CRW chief says federal grant to expand air service a ‘great opportunity’

CHARLESTON, W. Va. -West Virginia Yeager International Airport director and CEO Nick Keller said the facility has an opportunity ahead of it after receiving a federal grant to attract and maintain airfares.

The airport (CRW) received a grant from the Department of Transportation’s Small Community Air Services Development Program (SCASDP) for a total of $600,000 last week. Keller said he would support new service to Dallas Forth Worth International Airport (DFW) or Houston George Bush Intercontinental Airport (IAH).

He told MetroNews it aligns with one of his administration’s strategic goals of increasing air service options. Keller said adding either airport would add more than 20,000 departure seats to the CRW market, driving down airfares.

Nick Keller

“The ability to get additional westbound service and provide connections through Houston or Dallas is a huge opportunity for us,” Keller said.

Keller said it should be noted that the subsidy does not guarantee that CRW will get either service because an airline must commit. However, Keller said American Airlines, which would operate the DFW service, provided a letter of support for the grant application. The IAH service would come from United Airlines.

The grant can be used for an airline revenue guarantee, start-up costs, recruitment costs and marketing to launch and sustain the service.

“It’s kind of like an insurance policy for the airline. It reduces their risk when they have a new service in case the service isn’t viable and doesn’t succeed,” Keller said of the minimum income guarantee.

Keller said a marketing campaign would be launched and it might take one to two years for a new service to “be well known.” He added that there has always been interest in the service in Texas, saying Houston and Dallas are currently in the Top 10 markets for CRW passengers.

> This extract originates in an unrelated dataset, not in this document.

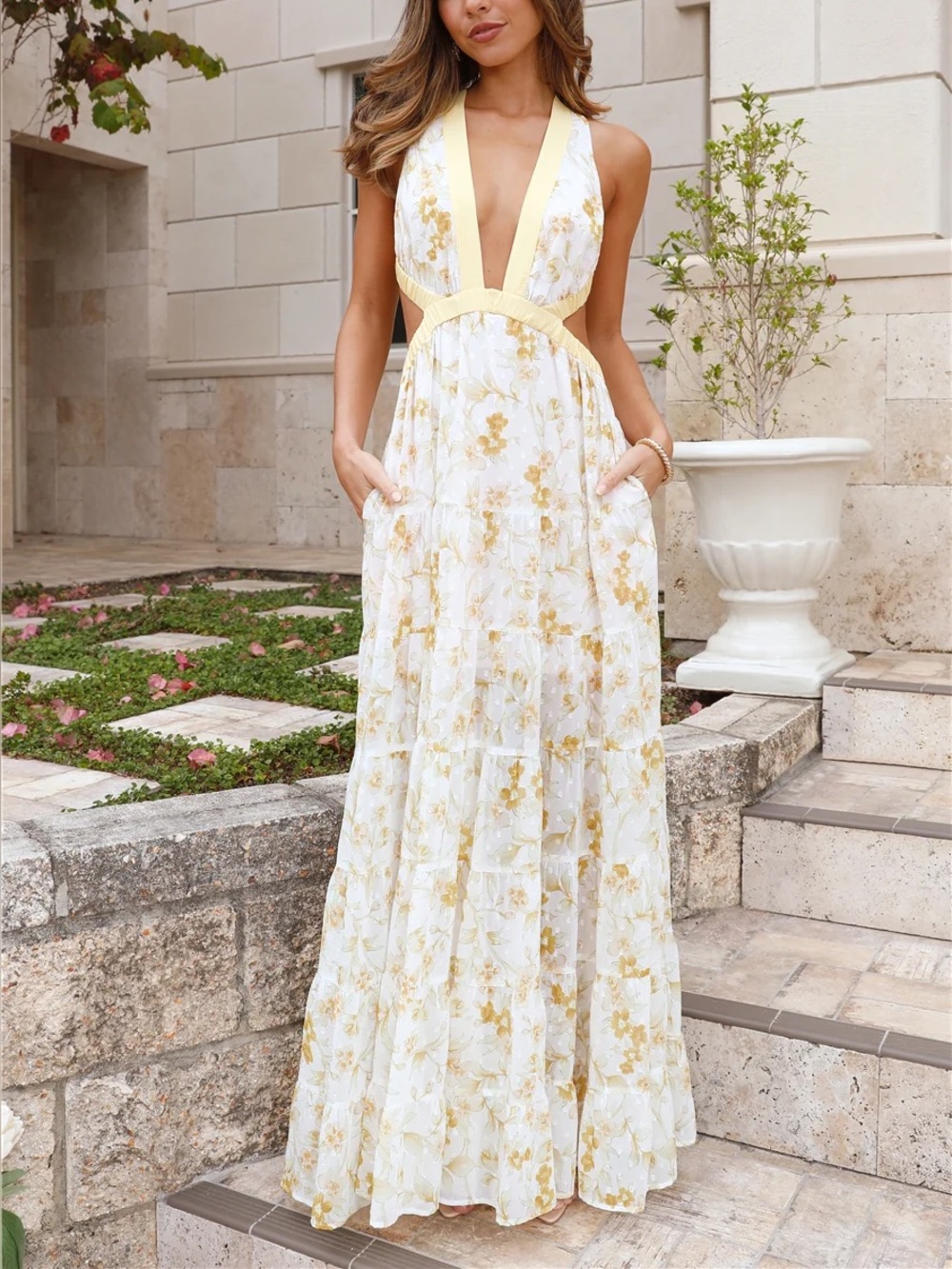 Hello Molly Forward Fashion Maxi Dress Yellow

He said the direct service would only generate new traffic and make it more convenient for current travellers, by removing an extra stop. He said those currently flying west often fly to Charlotte or Atlanta first.

CRW lost its flight from Dallas in 2015 due to slope failure and lost service from Houston in 2019.

Keller said he hopes to attract the two services, one with the grant and the other with funding sources from a newly formed airline service alliance group.

“We have the money lined up, we have the grant funding, which is a huge step. Now we have to negotiate with the airlines and they have to be able to add capacity to their network,” Keller said of the time it might take for a new service to work.

CRW was one of 25 grant proposals to be selected. In total, the 25 selected applications came from 20 states and awarded nearly $17 million in federal grants.